As an example, he mentions the American robotics company, Boston Dynamics, which develops robot dogs for various purposes in industry and construction, such as moving objects in environments dangerous for humans. The New York Fire Department has also acquired two robot dogs. These are designed to operate in more complex environments, although the robot dogs do not use multimodal or deep neural network models.
“For example, if you wanted to create something similar to the robot dogs, but multimodal, to navigate unknown terrain on a battlefield, it immediately becomes much more complicated. The robot would need to understand the terrain, topology, and environment to make autonomous decisions based on that context. This could be achieved with a multimodal model, but today they are still too large and resource-intensive.”
From commercial to military applications
It is not uncommon for the armed forces to explore commercial solutions and then adapt them for military purposes. Edward Tjörnhammar points to several areas where military applications of AI based on multimodal models are already in use or soon will be.
“For example, it can be used to analyse satellite images, interpret battlefield sounds, or understand geopositioning, and integrate this data to make real-time decisions,” he continues. “But what happens when we have weapon systems that make their own decisions based on the situation? Or when information systems incorporate more and more autonomous decision points? Ultimately, this is about life-and-death moral and ethical decisions. More autonomous decisions in the decision chain mean fewer moral decisions are made by humans.”
One of the biggest concerns about AI, especially in military applications, is precisely the risk of misuse.
“One could imagine a future where a social media post could trigger a missile attack on a residential building.”
Rapid research advances
This description naturally brings to mind the targeted attacks carried out by Israel in Gaza, Palestine. Edward Tjörnhammar confirms that Israel is at the forefront when it comes to military applications of the latest AI technologies and multimodal models. For example, their AI systems Lavender and Gospel are used for automatic target designation to create designated attack lists, so-called “kill lists.”
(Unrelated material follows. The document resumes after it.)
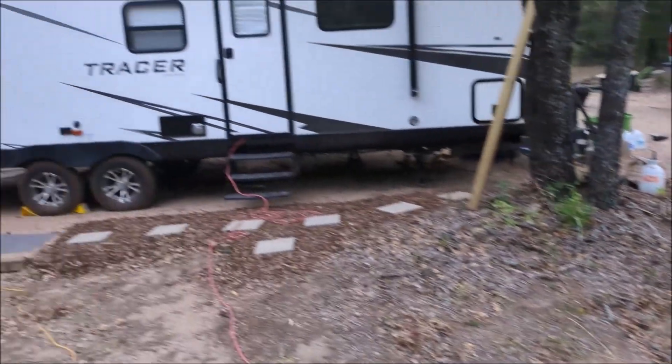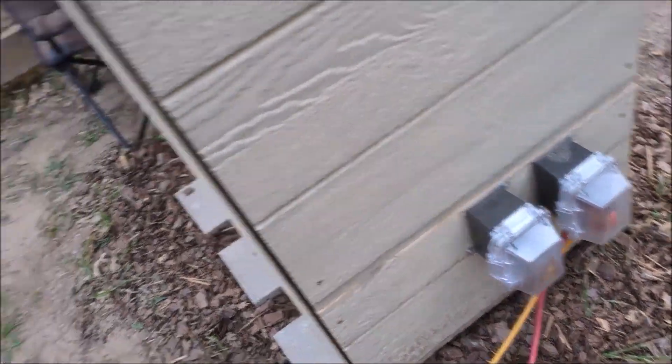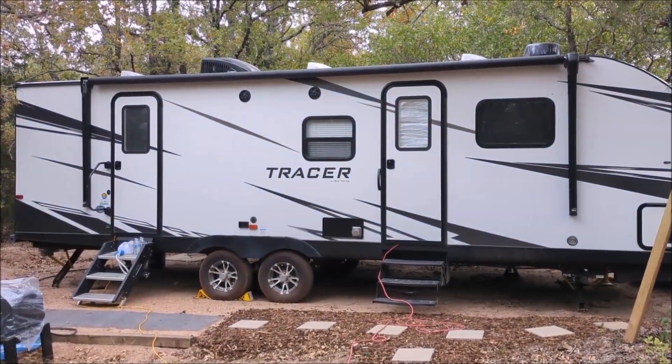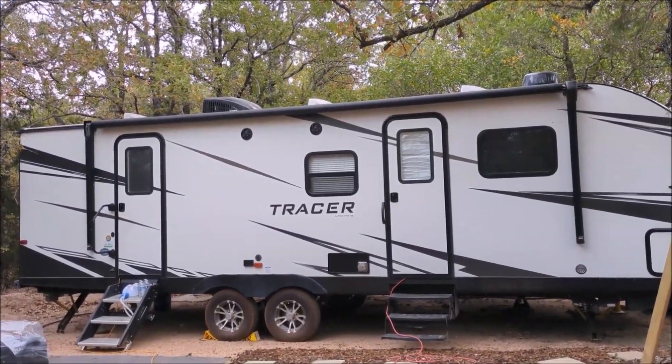I added a 30-amp output that I can connect to the trailer to power bigger stuff, but I typically do not run the air conditioner — I only use that temporarily as needed.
“But we don’t know today whether Gospel or Lavender specifically use multimodal models, since we don’t know exactly what their capabilities are. However, research is progressing at a dizzying pace, driven not only by large tech companies investing massively in AI but also by the armed forces of various countries.”
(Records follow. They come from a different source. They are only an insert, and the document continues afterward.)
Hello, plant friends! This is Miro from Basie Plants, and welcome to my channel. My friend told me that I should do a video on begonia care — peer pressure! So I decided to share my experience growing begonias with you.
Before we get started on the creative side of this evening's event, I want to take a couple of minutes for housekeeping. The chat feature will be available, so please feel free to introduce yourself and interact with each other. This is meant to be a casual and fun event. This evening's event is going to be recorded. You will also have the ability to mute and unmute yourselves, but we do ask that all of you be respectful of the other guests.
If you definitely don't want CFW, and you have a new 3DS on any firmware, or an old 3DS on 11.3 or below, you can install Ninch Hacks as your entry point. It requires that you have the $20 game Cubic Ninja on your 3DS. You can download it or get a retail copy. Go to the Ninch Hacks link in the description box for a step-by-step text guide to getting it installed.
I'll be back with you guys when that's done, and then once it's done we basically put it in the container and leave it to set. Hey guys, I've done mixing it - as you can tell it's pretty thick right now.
The report indicates that multimodal models, as part of what is commonly referred to as AI, will likely have a significant impact on both our daily lives and the future of defence.
“As long as democratic discourse continues, AI can benefit us all, but we must remain vigilant. AI’s potential in defence is enormous, but, at the same time, we don’t want to reduce the number of moral and ethical decisions that should be made throughout the military organisation,” says Edward Tjörnhammer.